The CAPG's Blog
"Blessed are they that suffer persecution for justice's sake, for theirs is the kingdom of heaven." Matt. V.10
There is nothing for which Christ seems more concerned to prepare His Apostles than the active, violent opposition of the world. He warns them repeatedly that they must not expect to fare better than Himself; that they will have to suffer all manner of ill treatment on His account; that they will be taken up and dragged before unscrupulous judges, cast into prison and tortured; that their very friends and relatives will turn against them and betray them; finally that they will be an object of universal distrust and hatred among their fellow-men.
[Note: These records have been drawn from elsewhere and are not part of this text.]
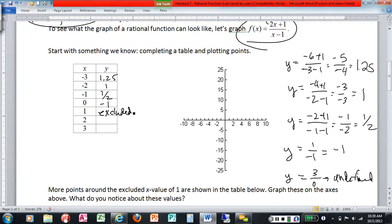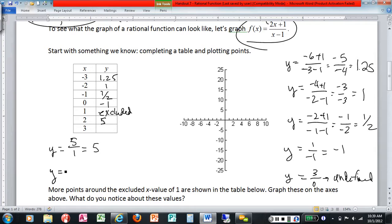Continuing the table: at x equals two, y equals four plus one over two minus one, which is five over one, so y equals five. At x equals three, y equals six plus one over three minus one, which is seven over two, or three and a half.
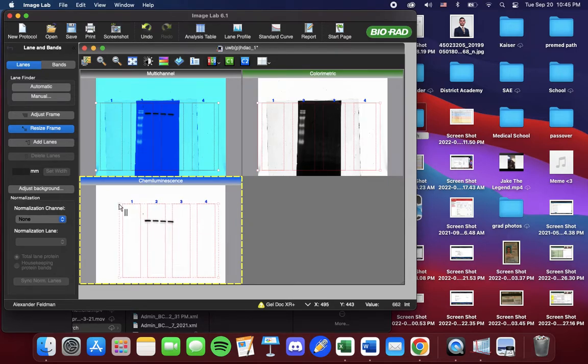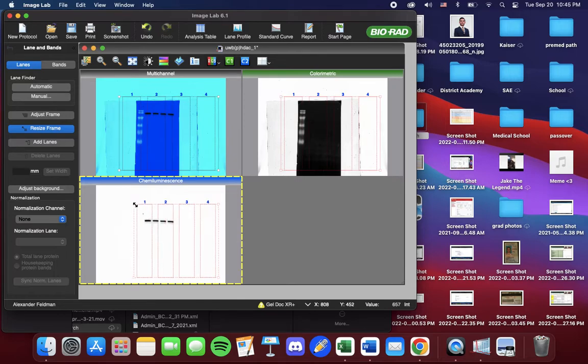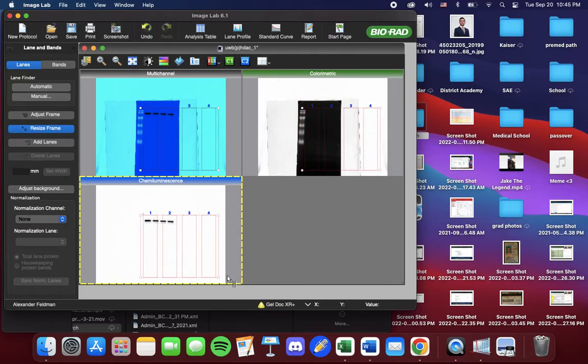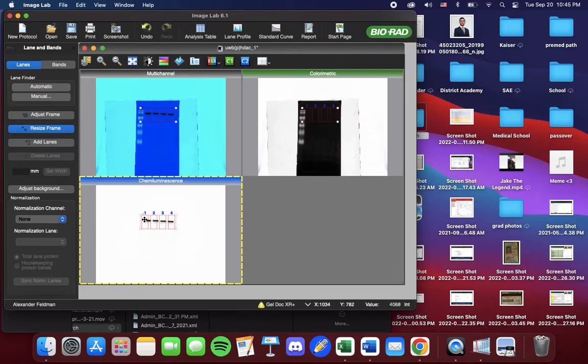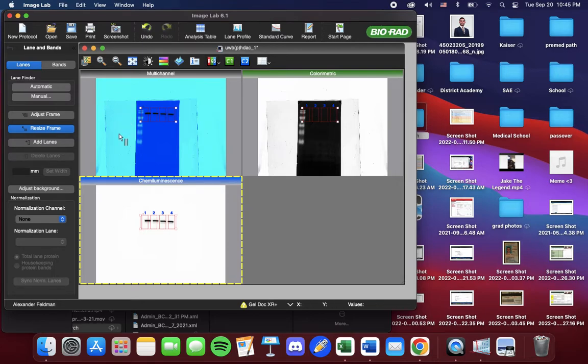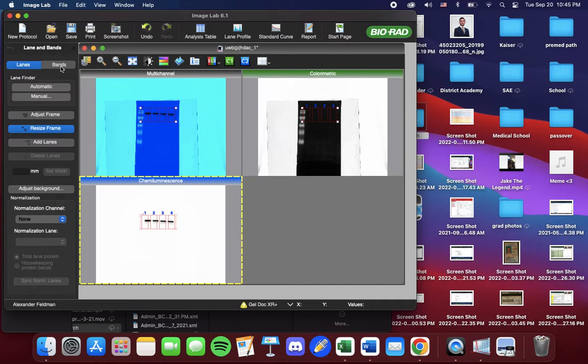We want to take the corners and drag it so that we can perfectly or near perfectly fit our blots. From here, now that I feel it's fine, we're going to go to Bands.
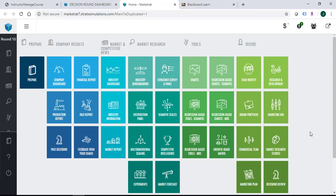Once you log in to your MarketStra simulation game, you will see the main page like this. The right side is a decision panel and left to the decision panel are tools.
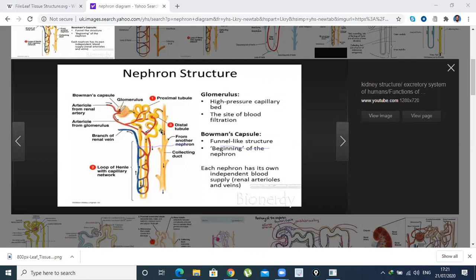This is the Bowman's capsule, and inside it, which looks like a cluster, is the Glomerulus. When blood enters it, it creates pressure, and the waste moves out from the pressure. The waste goes into the tubules. The pure filtered blood goes out and exits the kidney.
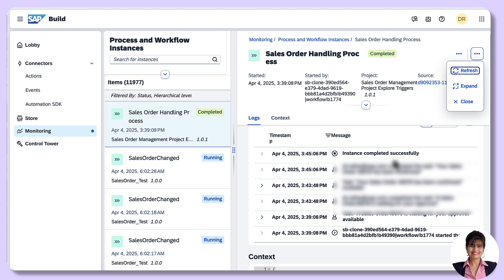This is how the API trigger can trigger process automation or the workflow. I hope you have found this episode helpful. All the resources required to implement this API will be provided in the description. The event trigger type and scheduled trigger type will be explored in future episodes. Thank you.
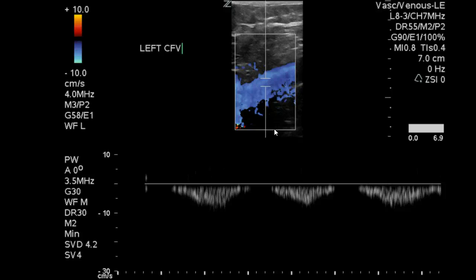The takeaway for this exam — the impression — would be that there is a negative DVT for the right lower extremity, positive for superficial thrombophlebitis of the right calf. You can also say that there is a patent common femoral-sapheno-femoral junction.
Subsequent events abundantly verified the Savior's prediction. The lives of the apostles, so far as we are acquainted with them, seem to have been full of suffering and trials, and all ultimately crowned by martyrdom. St. Paul, the apostle whom we know best, tells the Corinthians what he had to endure. "Of the Jews five times did I receive forty stripes, save one. Thrice was I beaten with rods, once was I stoned; thrice I suffered shipwreck; a night and day I was in the depths of the sea. In journeying often, in perils of waters, in perils of robbers, in perils from my own nation, in perils from the Gentiles, in perils in the city, in perils in the wilderness, in perils in the sea, in perils from false brethren. In labor and painfulness, in much watching, in hunger and thirst, in fastings often, in cold and nakedness. " 2 Cor. ii. 25....
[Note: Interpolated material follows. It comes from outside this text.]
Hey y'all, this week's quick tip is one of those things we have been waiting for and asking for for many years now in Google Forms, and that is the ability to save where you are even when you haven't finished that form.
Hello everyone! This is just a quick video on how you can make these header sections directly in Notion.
For three hundred years the history of the Church is a history of persecutions; nor did they cease with the conversion of Constantine. Under many of his successors, confiscation, exile, prison, and death were the lot of Christians true to their faith. In deed it may be said that at all times the good have had to suffer, and to suffer "for justice's sake;" that is, because of their very goodness. The dishonest, the corrupt dislike them, as interfering with their pursuits and their pleasures, and because the very life of the just man is a protest against their methods. It is thus that they are described in the book of Wisdom: (ii.12), "Let us therefore lie in wait for the just because he is not for our turn (he is of no use to us), and he is contrary to our doings, and upbraideth us with transgressions of the law, and divulgeth against us the sins of our way of life. He is become a censurer of our thoughts. He is grievous to us, even to behold, for his life is not like other men's and his ways are very different."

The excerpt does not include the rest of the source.